本発明は、同期モータ用インバータ制御回路及びこれを備える同期モータ制御装置に関し、特に、適正なPWM信号の生成及び良好なフィードバック制御を実施させる際に用いて好適のものである。
回転磁界に同期して制御される3相同期ブラシレスモータは、指令角速度に追従するようベクトル制御が行われ、当該ベクトル制御によって与えられる電流ベクトルが回転子の磁束ベクトルに対して適宜な角度となるように制御される。かかる3相同期ブラシレスモータは、近年、回転子の位置検出機構を省略させたセンサレスモータの商品化が進められている。
かかるブラシレスモータを駆動制御させる同期モータ制御装置は、電流検出回路が適所に設けられており、電流検出回路から出力される電流値に基づいて出力電力を適宜に制御させる。かかる電流検出回路は、各相電流の電流供給ラインに各々設けても良いが、同期モータ制御装置のDCバスラインに設けられた抵抗(所謂One-Shunt抵抗)を利用することにより、同期モータ制御装置の構成をより簡素化できる。

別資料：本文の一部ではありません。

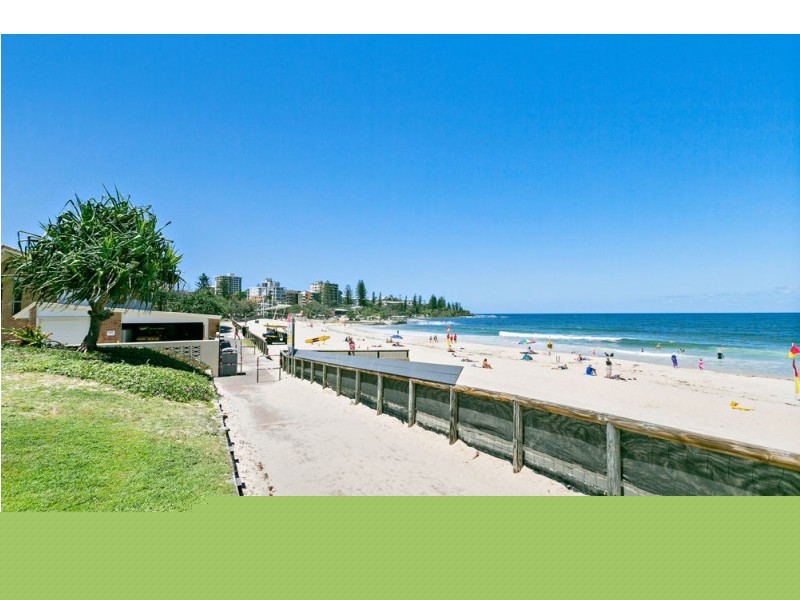3/5 Mahia Terrace, Kings Beach QLD 4551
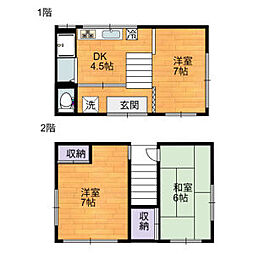 RAホーム(東枇杷島)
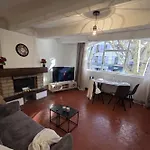 Vue Gassendi Art Deco King Size Verriere Appartement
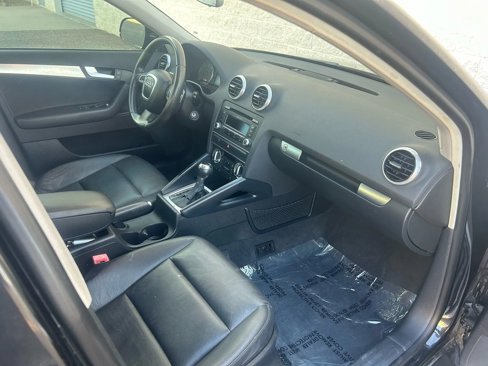 Used 2012 Audi A3 TDI Premium Plus image 14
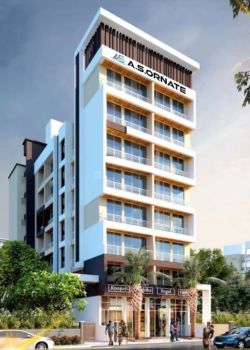 A S Ornate, Sector 13 Kharghar, Navi Mumbai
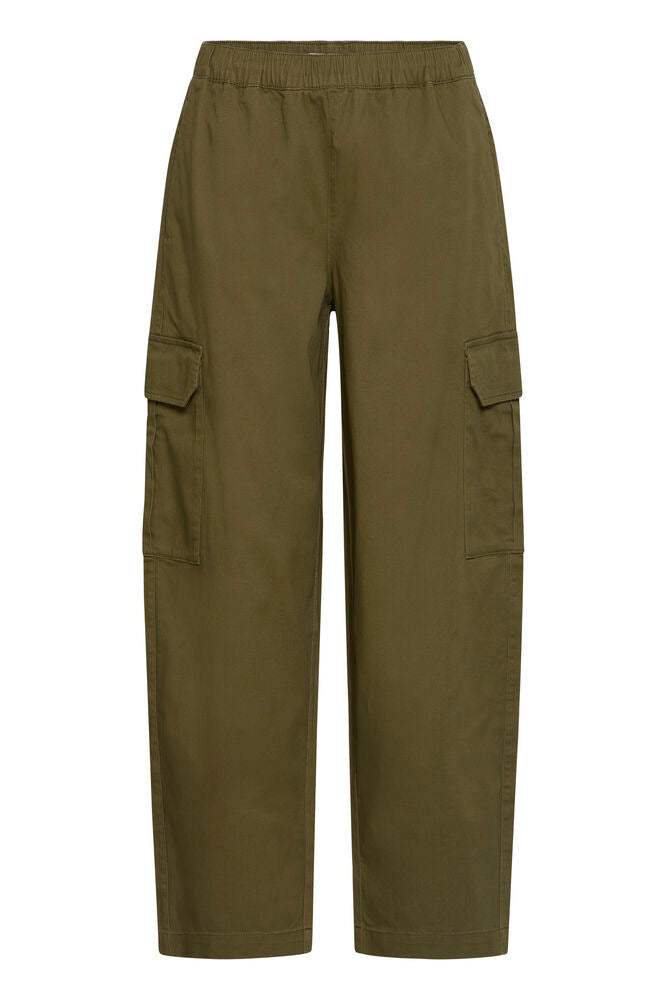 PANTALONE CARGO BEECH BYDAFOIL B.YOUNG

特願2008−335374号公報では、かかるOne-Shunt抵抗を用いた電流検出方式による同期モータ制御装置が示されている。図1に示す如く、同期モータ制御装置1000は、電源回路100とインバータ回路200と電流検出回路400と同期モータ用インバータ制御回路(以下、制御回路と呼ぶ)500とから構成され、制御回路500からPWM信号(Su*,Sv*,Sw*)が出力されると、インバータ回路200を構成するスイッチング素子Tau〜Tbwが各々駆動される。このとき、同期モータ制御装置1000に接続された3相同期ブラシレスモータ300では、インバータ回路200で生成出力された3相の相電流を受けて、3相同期ブラシレスモータ300の回転子302が所望の角速度で回転するように制御される。そして、かかる相電流は、3相同期ブラシレスモータ300を通過した後、バスラインに設けられた電流検出回路400によって検出され、検出された相電流の電流値は、当該電流値の大きさを現した入力電流値Ii$(以下、「入力電流の電流値」を入力電流値と呼ぶ)として制御回路500へ入力される。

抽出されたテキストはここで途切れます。